Task:
Please repeat, precisely as written, only the lines from the one containing "Ben Yola Gelmem - Kahraman Deniz" through the last line of the records below, pictures omitted.

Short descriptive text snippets
▼

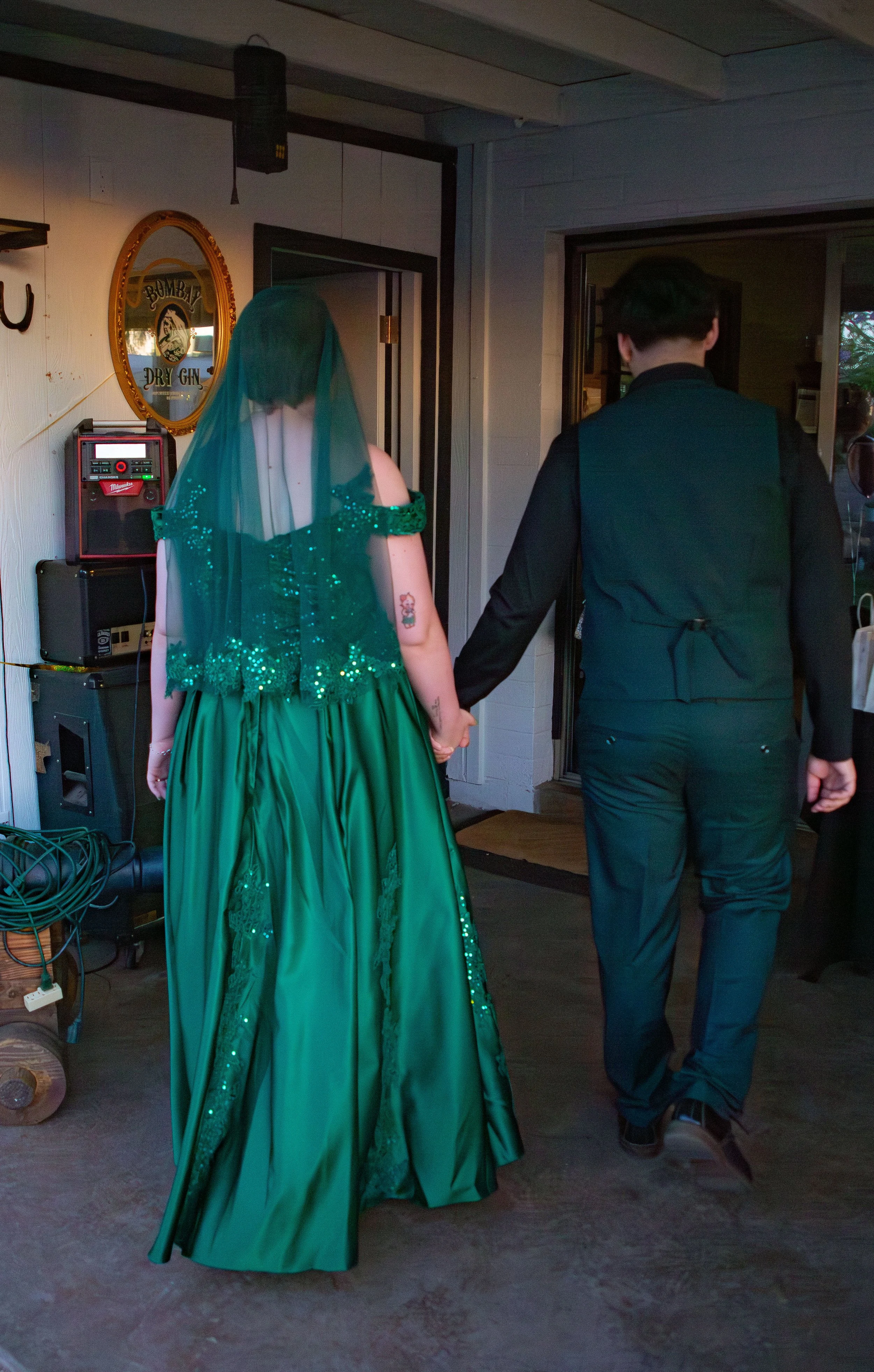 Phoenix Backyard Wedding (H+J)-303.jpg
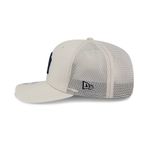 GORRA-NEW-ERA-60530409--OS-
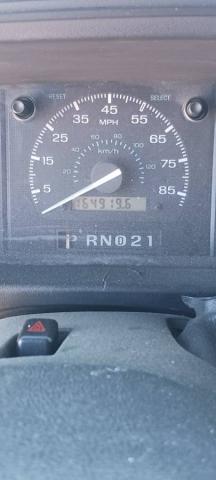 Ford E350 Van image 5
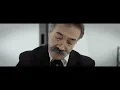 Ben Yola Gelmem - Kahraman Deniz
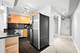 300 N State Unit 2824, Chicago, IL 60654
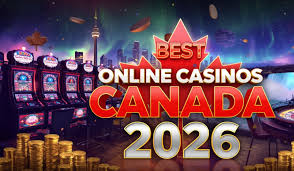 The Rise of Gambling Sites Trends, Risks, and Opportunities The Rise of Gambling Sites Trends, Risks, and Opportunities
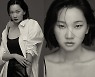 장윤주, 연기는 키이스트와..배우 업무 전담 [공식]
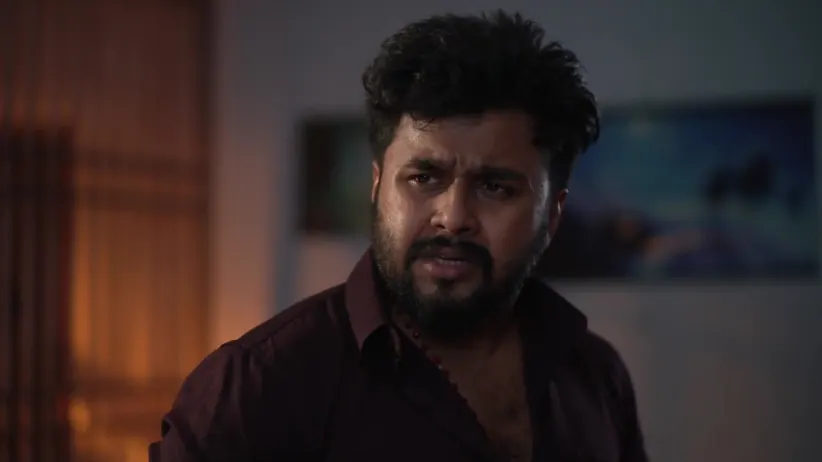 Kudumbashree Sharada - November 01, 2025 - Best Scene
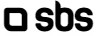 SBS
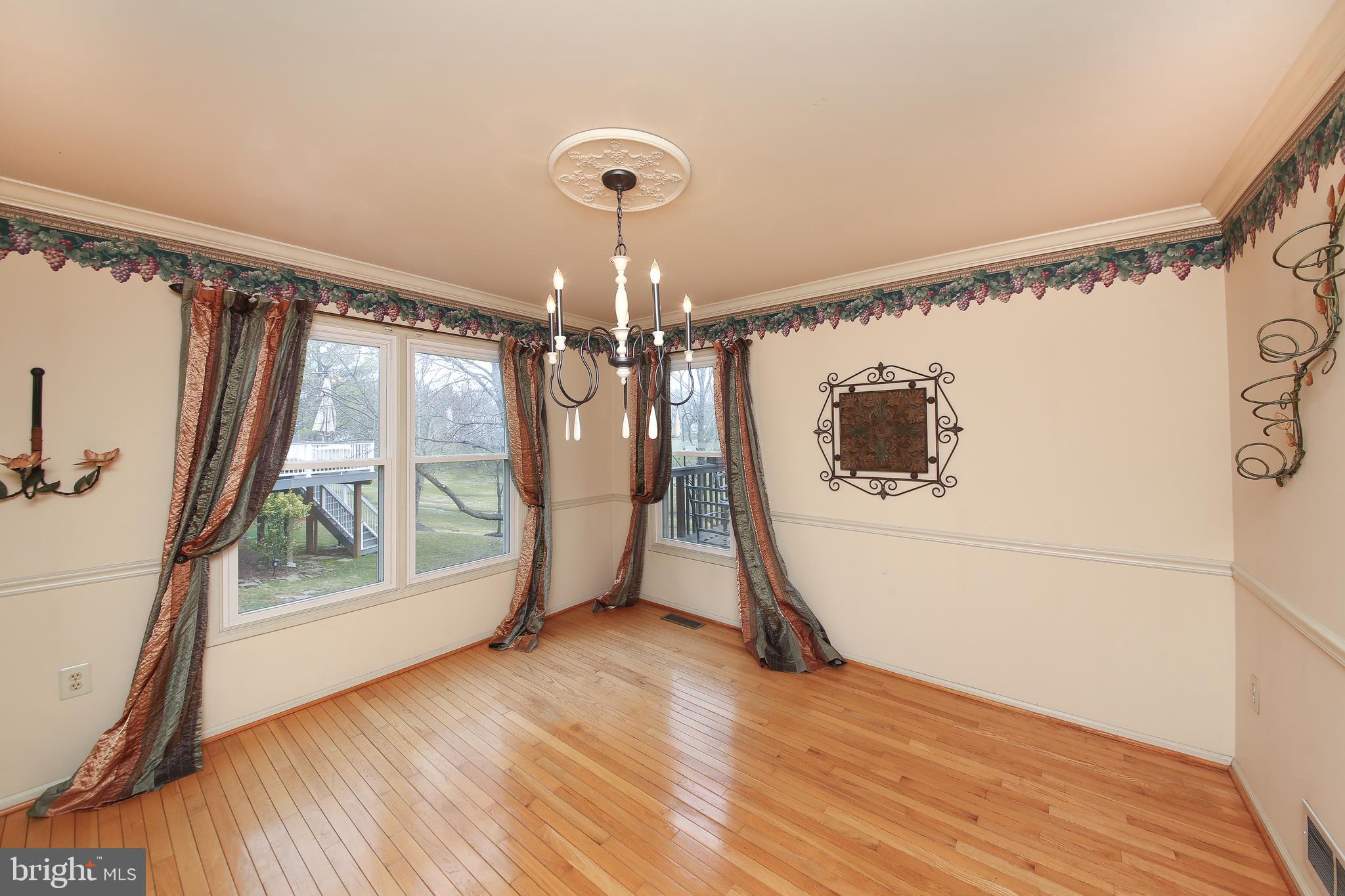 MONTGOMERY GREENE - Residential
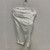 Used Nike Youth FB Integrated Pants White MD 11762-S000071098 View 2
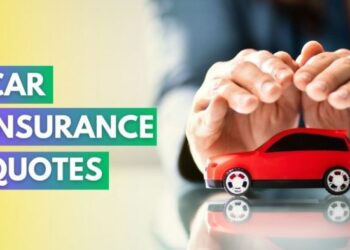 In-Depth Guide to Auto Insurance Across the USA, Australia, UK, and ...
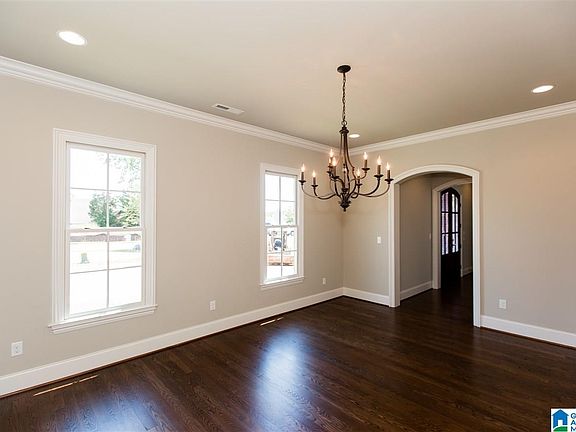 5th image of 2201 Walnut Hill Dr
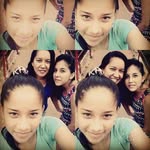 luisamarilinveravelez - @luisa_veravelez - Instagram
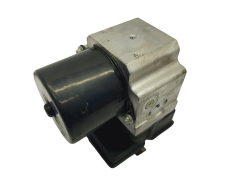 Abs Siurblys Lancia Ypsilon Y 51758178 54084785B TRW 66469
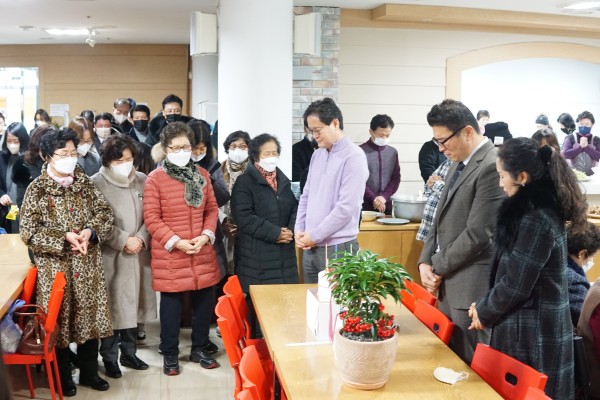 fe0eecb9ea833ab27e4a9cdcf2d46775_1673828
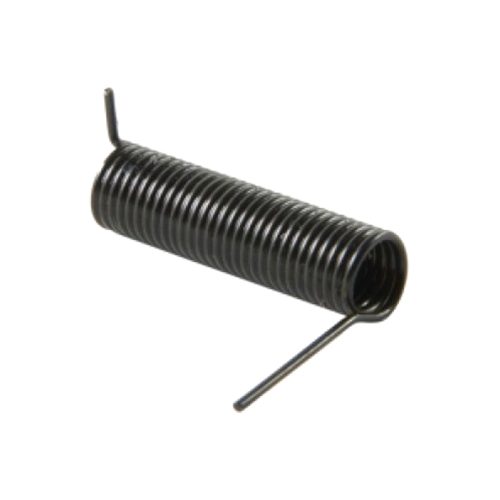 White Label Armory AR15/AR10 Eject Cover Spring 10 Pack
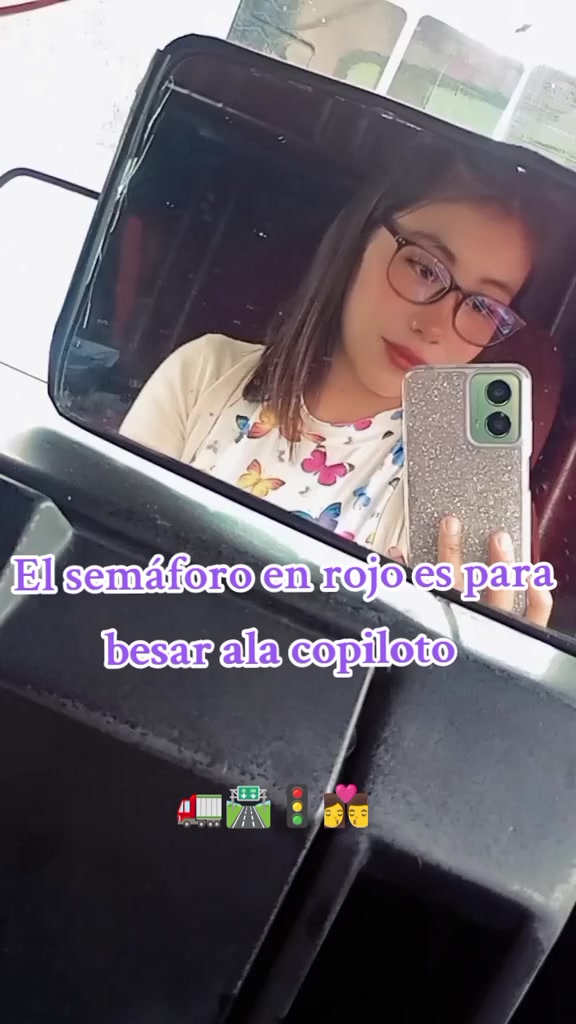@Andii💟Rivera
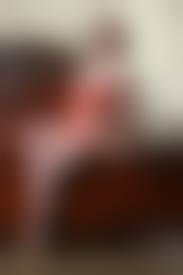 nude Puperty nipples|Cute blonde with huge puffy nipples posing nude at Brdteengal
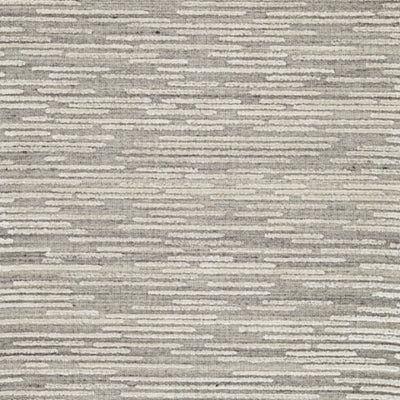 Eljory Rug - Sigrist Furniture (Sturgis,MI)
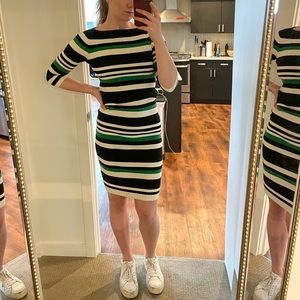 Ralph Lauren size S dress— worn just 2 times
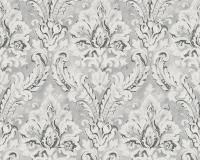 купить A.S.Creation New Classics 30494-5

▲

Problem solution:
 Ben Yola Gelmem - Kahraman Deniz
 300 N State Unit 2824, Chicago, IL 60654
 The Rise of Gambling Sites Trends, Risks, and Opportunities The Rise of Gambling Sites Trends, Risks, and Opportunities
 장윤주, 연기는 키이스트와..배우 업무 전담 [공식]
 Kudumbashree Sharada - November 01, 2025 - Best Scene
 SBS
 MONTGOMERY GREENE - Residential
 Used Nike Youth FB Integrated Pants White MD 11762-S000071098 View 2
 In-Depth Guide to Auto Insurance Across the USA, Australia, UK, and ...
 5th image of 2201 Walnut Hill Dr
 luisamarilinveravelez - @luisa_veravelez - Instagram
 Abs Siurblys Lancia Ypsilon Y 51758178 54084785B TRW 66469
 fe0eecb9ea833ab27e4a9cdcf2d46775_1673828
 White Label Armory AR15/AR10 Eject Cover Spring 10 Pack
@Andii💟Rivera
 nude Puperty nipples|Cute blonde with huge puffy nipples posing nude at Brdteengal
 Eljory Rug - Sigrist Furniture (Sturgis,MI)
 Ralph Lauren size S dress— worn just 2 times
 купить A.S.Creation New Classics 30494-5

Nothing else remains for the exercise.